High CPU usage on xorg when the external monitor is plugged in

The driver version 525.78.01 release notes suggest that a fix was made; there are two items worth reporting:

a) on my Dell 7610 with Nvidia 3060, Fedora 37, NVIDIA drivers via rpmfusion, KDE 5.26.4, with an LG 4K screen connected and displayed “to the left” of the laptop, the excessive CPU load - i.e. the performance issue - is gone; this also applies to Ubuntu 20.04 LTS with Mutter.

b) during testing I noticed serious functional misbehaviour, though, when running glxgears; step:

  • boot box
  • log into an X11 desktop environment (Fedora 37 + KDE; Ubuntu 20.04 LTS + Mutter)
  • start glxgears (without PRIME offload)
  • make sure that glxgears runs on the screen connected to the Nvidia GPU
    … and wait for 60 seconds to repeatedly observe, eventually, one of the following two broken behaviours
  • screen connected to the NVIDIA output turns black (but recovers within a second)
  • some garbage rectangles (pink pixel garbage) show up, and get cleared again in what appears to be random sizes and random locations, but only on the screen attached to the NVIDIA GPU

This faulty behaviour also occurs with __NV_PRIME_RENDER_OFFLOAD=1 __GLX_VENDOR_LIBRARY_NAME=nvidia glxgears (and all other things being equal)

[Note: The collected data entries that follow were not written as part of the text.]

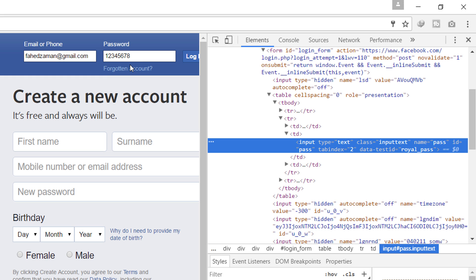You can use this method across all browsers including Internet Explorer, Firefox, and Safari. In the case of Internet Explorer, press F12 to open the developer tools window and then press Ctrl+B to activate the element selection mode.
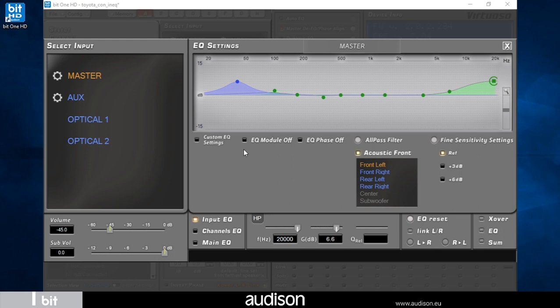Once I've completed the tuning of the input equalizer, I can move on to the channel equalizer, the focus of the next tutorial.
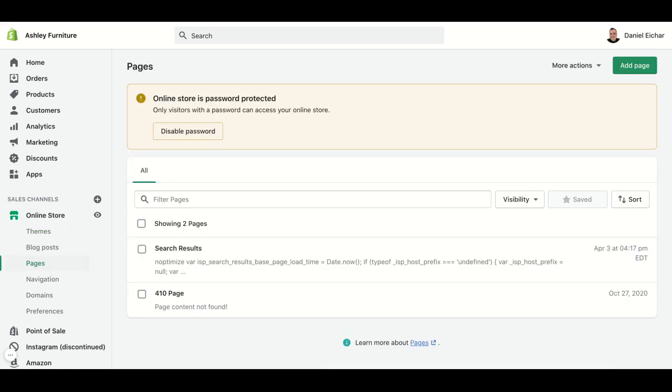As we can see, this will open a page that will show all the pages already created, and we should go to our right side and click on Add Page.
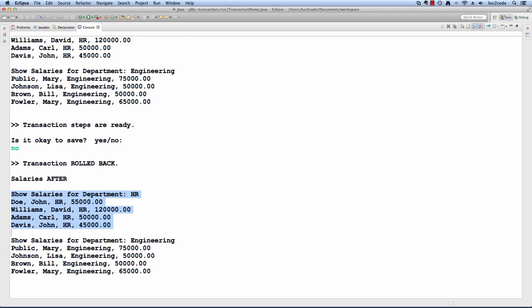So here's information for HR. We know the transaction didn't execute because we were trying to delete HR employees, but they're still here in our database. Then a similar thing here for engineering, we were trying to increase all the salaries to 300,000, but again, they're still at their original values. We know that the transaction was rolled back successfully.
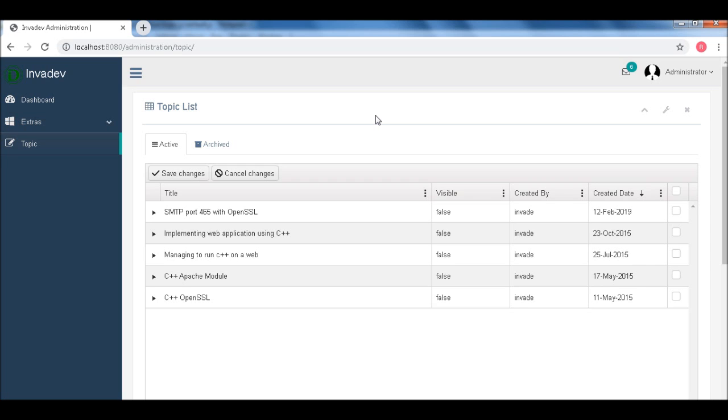So this is the easy way you can make your blog visible to the public. Or if you want to change your title, all you need to do is do it directly on the grid using this inline editing.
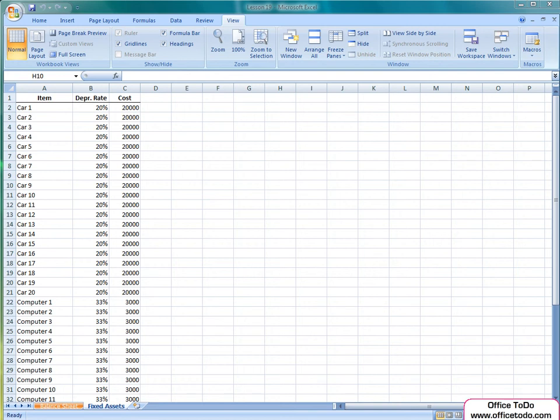Hi, this is Kristina from office2do.com. In this lesson, I am going to show you how to get better views of your Excel spreadsheet.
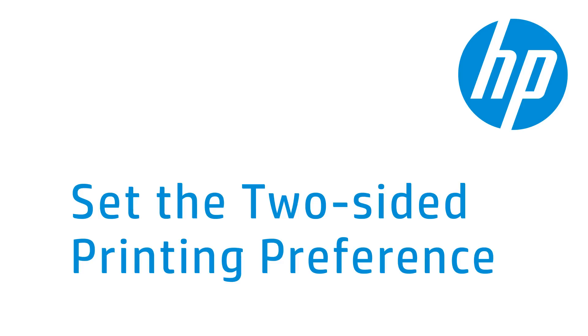This video shows how to set the two-sided printing preference for your HP printer. This function is only available for printers with duplexing capabilities. The driver for your printer must also be installed for these steps to work.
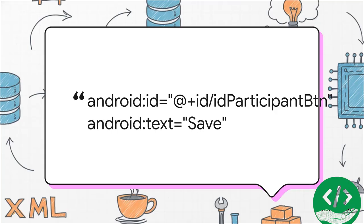Next up, we obviously need a button, so the button tag creates one. Just like before, we give it a unique ID, ID participant btn, and then the android.txt attribute, well, that just sets the words that appear on the button itself. In this case, save.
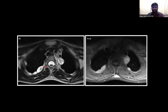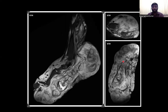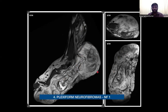The same patient showed multiple T2 hyperintense lesions involving both sides of the ribs, which showed mild to moderate post-contrast enhancement suggestive of intercostal nerve neurofibromatosis, and also we see the mediastinal extent of the neurofibromatosis. Moving on to the next case, here we see diffuse thickening of the skin and subcutaneous tissues of the entire foot and the distal aspect of the leg, which shows multiple STIR hyperintense lesions with hypointense foci, suggestive of plexiform neurofibromatosis 1.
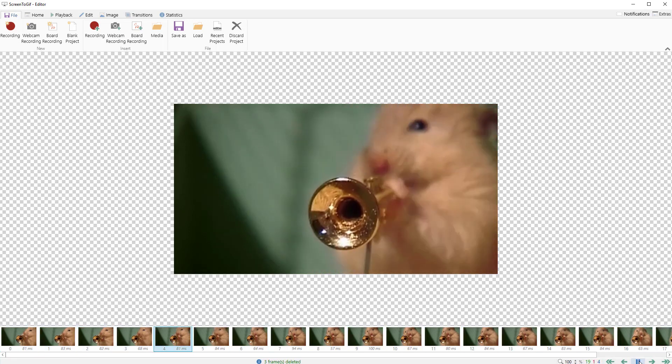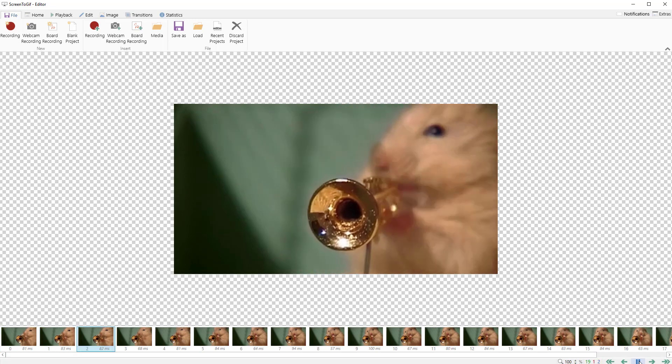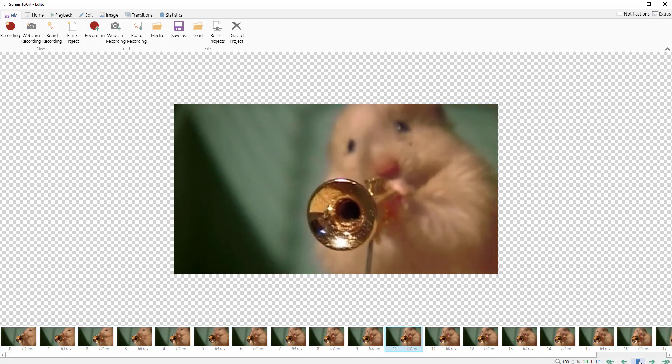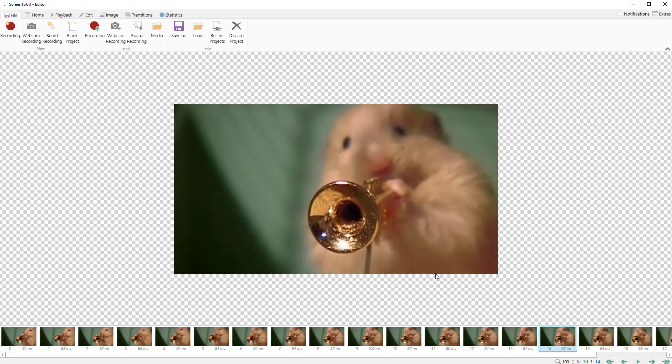Now the key with the animated GIF, and this probably looks fine so we're just going to keep this. The key is you can increase or decrease your file size with animated GIFs based on a few things. One is the obvious: image size. The larger the image is, the larger the file is going to be.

This faulty behaviour does not occur when the output screen is the laptop’s 3072x1920 (3K!) Intel GPU driven built-in screen.

This misbehaviour is not limited to glxgears; it also applies to, for instance, Firefox, or Visual Studio Code, when those application windows are moved around with the mouse; once the corrupt is present, moving the mouse will nicely animate the pixel garbage.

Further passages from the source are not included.